I would like for particular object u_ (which I import from elsewhere or solve by another program) to know residual norm of the F. So basically norm of the vector of F applied on each test function, which is called residual norm. Is there some way to do that?

I found that NonlinearVariationalProblem has member residual_form(). But I do not know how extract the information about its particullar value for the set of test functions.

asked May 17, 2014 by kulvv1am FEniCS Novice (270 points)
edited May 17, 2014 by kulvv1am

1 Answer

+1 vote
 
Best answer

Have you tried to assemble F? I was successful doing that once, but I am afraid I deleted the code and do not recall exactly how I did it. I do know you have to be careful applying the boundary conditions.
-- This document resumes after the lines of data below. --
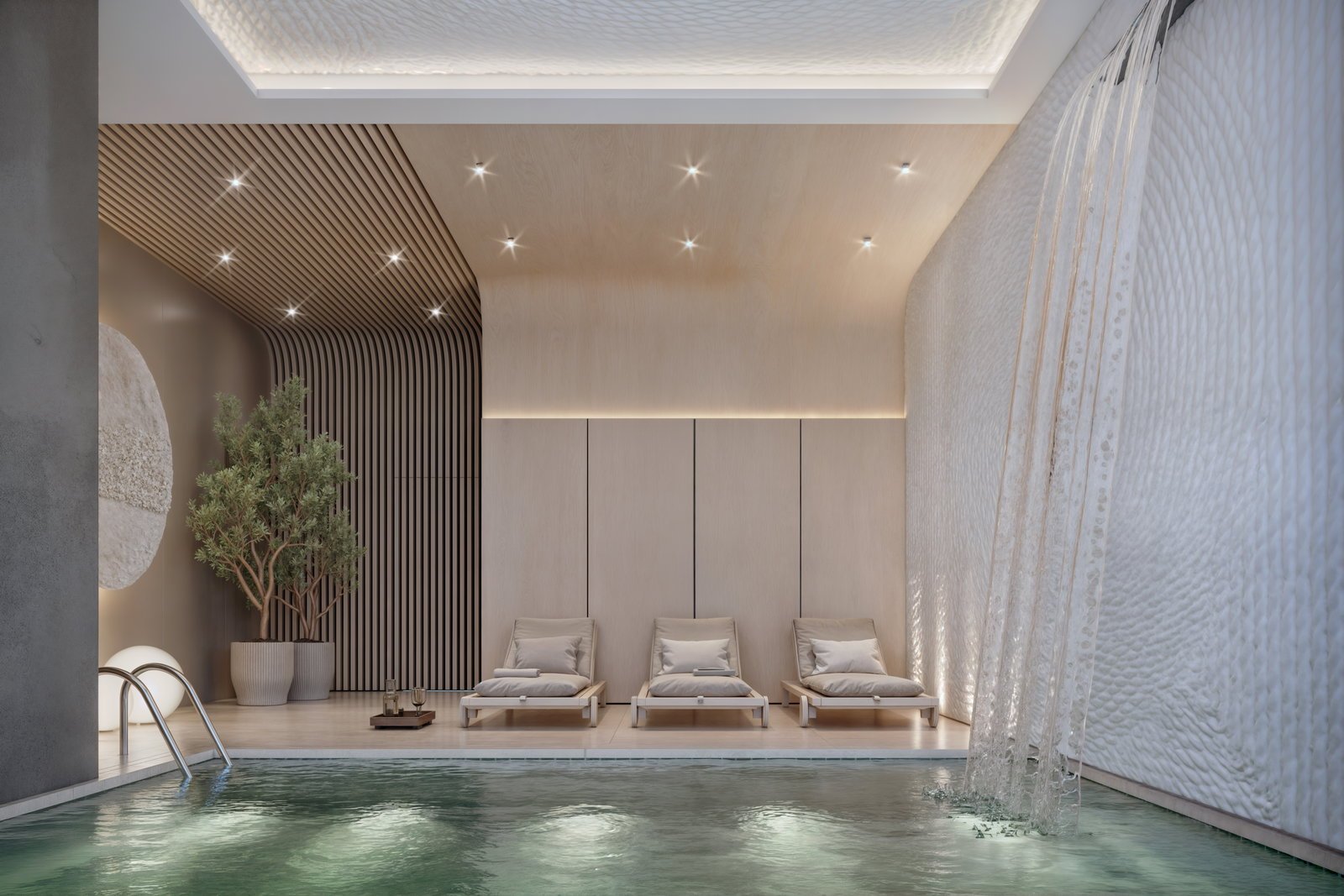 Vellum — render leprime velum piscina aquecida 2, Le Prime Empreendimentos, Balneário Perequê, Porto Belo SC Vellum — render leprime velum piscina aquecida 2, Le Prime Empreendimentos, Balneário Perequê, Porto Belo SC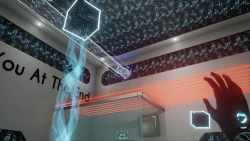 Gravitas Screenshots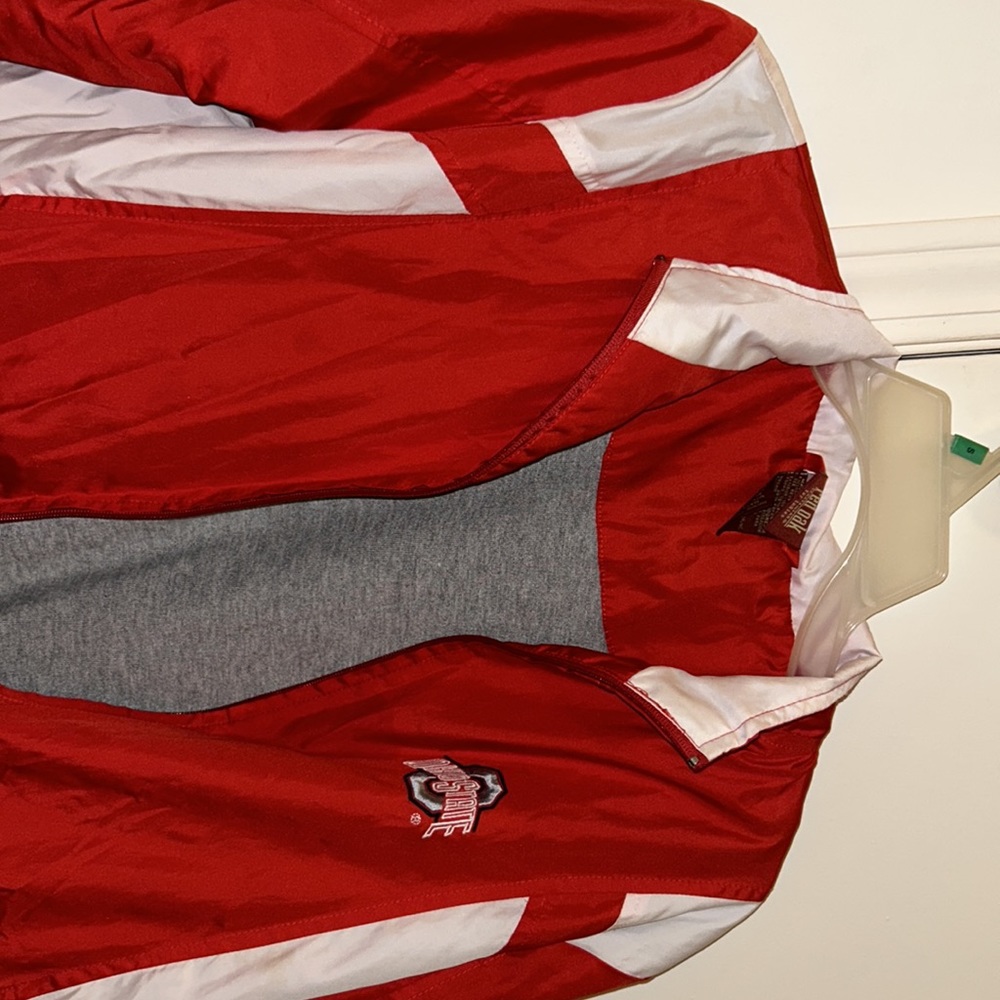 Ohio State Jacket - image 3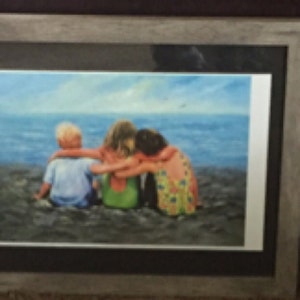Buyer photo Mary C Russell, who reviewed this item with the Etsy app for iPhone.
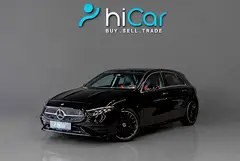 مرسدس بنز کلاس A A 200 2026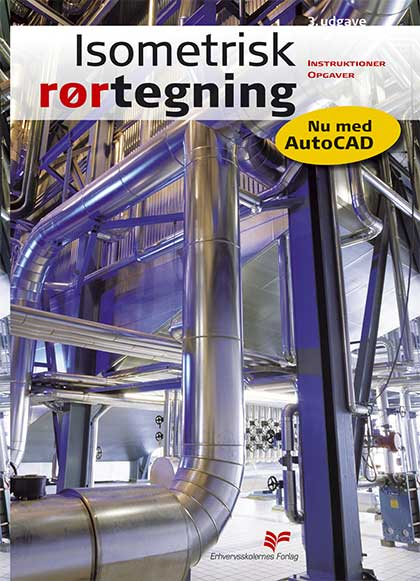 Isometrisk rørtegning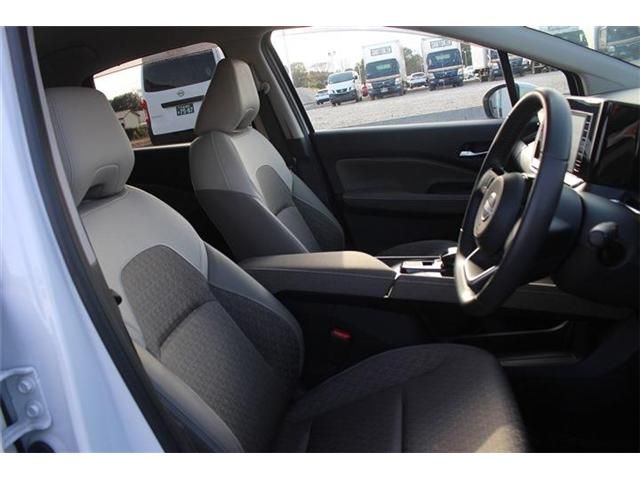 NISSAN AURA 2024 Image 31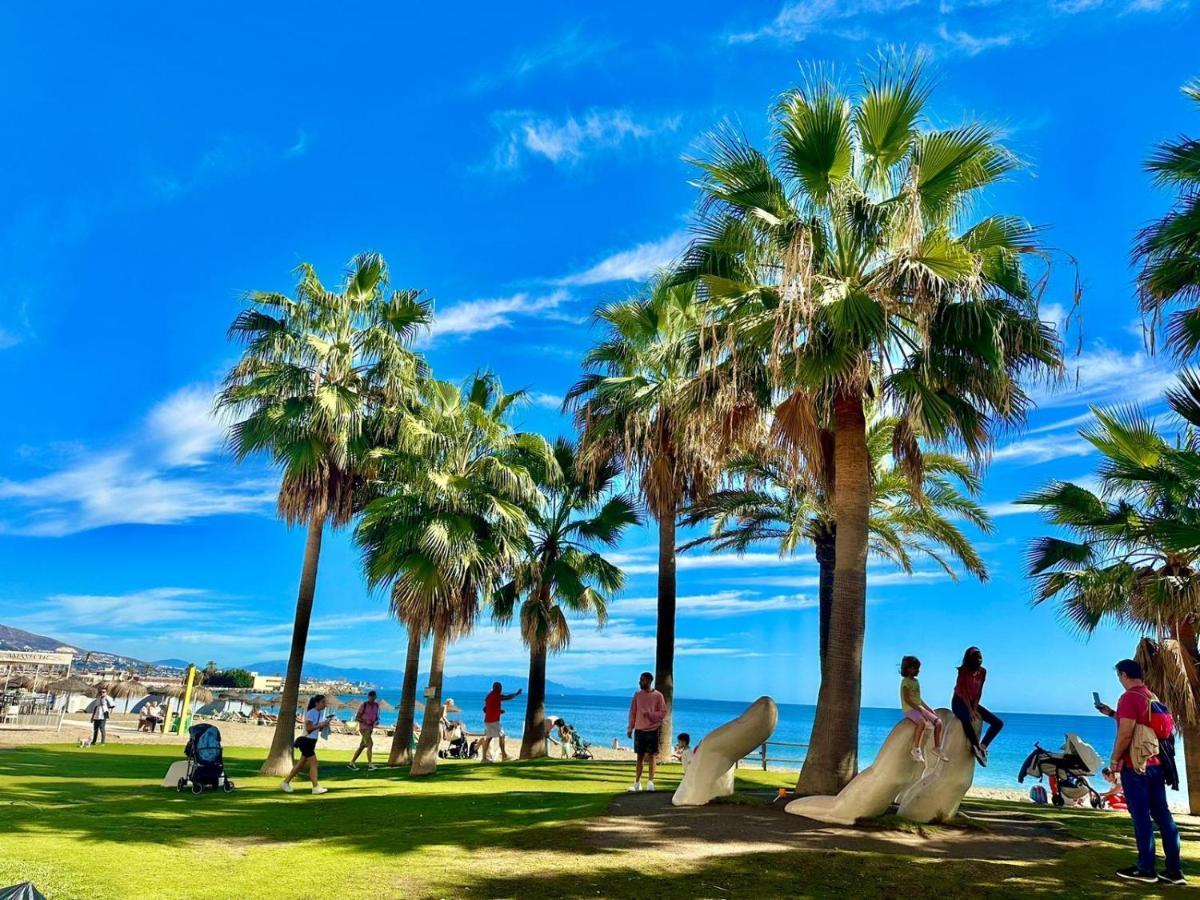 Holiday home Casa Centro Mar Y Sol Fuengirola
answered May 18, 2014 by mike125 FEniCS Novice (670 points)
selected May 26, 2014 by kulvv1am

Thank you. For me worked this pseudo code which I am posting here for inspiration. I figured out finally how to get rid of Dirichlet boundary conditions data.

bcs = bc.fullBC(V)
problem = NonlinearVariationalProblem(F, u_, bcs, J)
x = problem.residual_form()
indicators = assemble(x)
if type(bcs) is list:
    for i in range(0, len(bcs)):
        bcs[i].apply(indicators, u_.vector())#hack for Dirichlet boundary conditions
    else:
        bcs.apply(indicators, u_.vector())
error = numpy.linalg.norm(indicators.array())
plot(Function(V, indicators))
...